PROBLEM TO SOLVE: Write out the whole listing again so that each line matches the original.

DATA SHOWN:
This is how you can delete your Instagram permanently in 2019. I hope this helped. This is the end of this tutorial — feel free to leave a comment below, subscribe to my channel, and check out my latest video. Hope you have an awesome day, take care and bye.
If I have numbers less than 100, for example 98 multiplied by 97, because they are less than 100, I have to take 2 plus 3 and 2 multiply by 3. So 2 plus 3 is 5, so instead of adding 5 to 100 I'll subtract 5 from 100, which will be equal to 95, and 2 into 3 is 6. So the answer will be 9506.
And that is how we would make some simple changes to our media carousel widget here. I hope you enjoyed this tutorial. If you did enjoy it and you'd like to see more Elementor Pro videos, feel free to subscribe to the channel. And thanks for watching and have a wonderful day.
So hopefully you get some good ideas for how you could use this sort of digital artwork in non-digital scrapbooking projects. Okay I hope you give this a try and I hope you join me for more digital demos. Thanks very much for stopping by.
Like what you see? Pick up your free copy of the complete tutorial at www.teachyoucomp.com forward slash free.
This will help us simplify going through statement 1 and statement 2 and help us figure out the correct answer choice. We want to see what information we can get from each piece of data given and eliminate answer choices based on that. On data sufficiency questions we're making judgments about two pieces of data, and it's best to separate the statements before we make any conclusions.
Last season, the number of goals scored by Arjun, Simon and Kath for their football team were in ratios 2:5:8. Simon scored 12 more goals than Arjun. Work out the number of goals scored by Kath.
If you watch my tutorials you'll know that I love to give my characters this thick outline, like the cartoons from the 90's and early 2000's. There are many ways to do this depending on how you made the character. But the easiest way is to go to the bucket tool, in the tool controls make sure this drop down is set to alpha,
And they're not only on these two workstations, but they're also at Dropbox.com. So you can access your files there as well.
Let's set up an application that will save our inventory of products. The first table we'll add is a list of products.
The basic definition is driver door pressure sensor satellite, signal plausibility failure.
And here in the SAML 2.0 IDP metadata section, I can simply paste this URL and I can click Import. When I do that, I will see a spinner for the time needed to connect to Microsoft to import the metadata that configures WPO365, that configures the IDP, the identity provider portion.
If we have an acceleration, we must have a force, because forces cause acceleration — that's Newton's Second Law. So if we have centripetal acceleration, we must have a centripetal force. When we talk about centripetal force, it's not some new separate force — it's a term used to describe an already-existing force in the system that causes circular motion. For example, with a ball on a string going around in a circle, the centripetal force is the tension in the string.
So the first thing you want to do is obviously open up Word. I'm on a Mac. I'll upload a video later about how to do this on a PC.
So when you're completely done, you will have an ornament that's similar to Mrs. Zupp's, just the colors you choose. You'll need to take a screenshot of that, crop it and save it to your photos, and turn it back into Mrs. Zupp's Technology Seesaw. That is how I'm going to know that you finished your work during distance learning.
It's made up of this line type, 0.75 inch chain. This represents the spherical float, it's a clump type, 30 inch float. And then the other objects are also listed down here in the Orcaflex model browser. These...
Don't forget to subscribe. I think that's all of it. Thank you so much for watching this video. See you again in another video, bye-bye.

REPLY:
This is how you can delete your Instagram permanently in 2019. I hope this helped. This is the end of this tutorial — feel free to leave a comment below, subscribe to my channel, and check out my latest video. Hope you have an awesome day, take care and bye.
If I have numbers less than 100, for example 98 multiplied by 97, because they are less than 100, I have to take 2 plus 3 and 2 multiply by 3. So 2 plus 3 is 5, so instead of adding 5 to 100 I'll subtract 5 from 100, which will be equal to 95, and 2 into 3 is 6. So the answer will be 9506.
And that is how we would make some simple changes to our media carousel widget here. I hope you enjoyed this tutorial. If you did enjoy it and you'd like to see more Elementor Pro videos, feel free to subscribe to the channel. And thanks for watching and have a wonderful day.
So hopefully you get some good ideas for how you could use this sort of digital artwork in non-digital scrapbooking projects. Okay I hope you give this a try and I hope you join me for more digital demos. Thanks very much for stopping by.
Like what you see? Pick up your free copy of the complete tutorial at www.teachyoucomp.com forward slash free.
This will help us simplify going through statement 1 and statement 2 and help us figure out the correct answer choice. We want to see what information we can get from each piece of data given and eliminate answer choices based on that. On data sufficiency questions we're making judgments about two pieces of data, and it's best to separate the statements before we make any conclusions.
Last season, the number of goals scored by Arjun, Simon and Kath for their football team were in ratios 2:5:8. Simon scored 12 more goals than Arjun. Work out the number of goals scored by Kath.
If you watch my tutorials you'll know that I love to give my characters this thick outline, like the cartoons from the 90's and early 2000's. There are many ways to do this depending on how you made the character. But the easiest way is to go to the bucket tool, in the tool controls make sure this drop down is set to alpha,
And they're not only on these two workstations, but they're also at Dropbox.com. So you can access your files there as well.
Let's set up an application that will save our inventory of products. The first table we'll add is a list of products.
The basic definition is driver door pressure sensor satellite, signal plausibility failure.
And here in the SAML 2.0 IDP metadata section, I can simply paste this URL and I can click Import. When I do that, I will see a spinner for the time needed to connect to Microsoft to import the metadata that configures WPO365, that configures the IDP, the identity provider portion.
If we have an acceleration, we must have a force, because forces cause acceleration — that's Newton's Second Law. So if we have centripetal acceleration, we must have a centripetal force. When we talk about centripetal force, it's not some new separate force — it's a term used to describe an already-existing force in the system that causes circular motion. For example, with a ball on a string going around in a circle, the centripetal force is the tension in the string.
So the first thing you want to do is obviously open up Word. I'm on a Mac. I'll upload a video later about how to do this on a PC.
So when you're completely done, you will have an ornament that's similar to Mrs. Zupp's, just the colors you choose. You'll need to take a screenshot of that, crop it and save it to your photos, and turn it back into Mrs. Zupp's Technology Seesaw. That is how I'm going to know that you finished your work during distance learning.
It's made up of this line type, 0.75 inch chain. This represents the spherical float, it's a clump type, 30 inch float. And then the other objects are also listed down here in the Orcaflex model browser. These...
Don't forget to subscribe. I think that's all of it. Thank you so much for watching this video. See you again in another video, bye-bye.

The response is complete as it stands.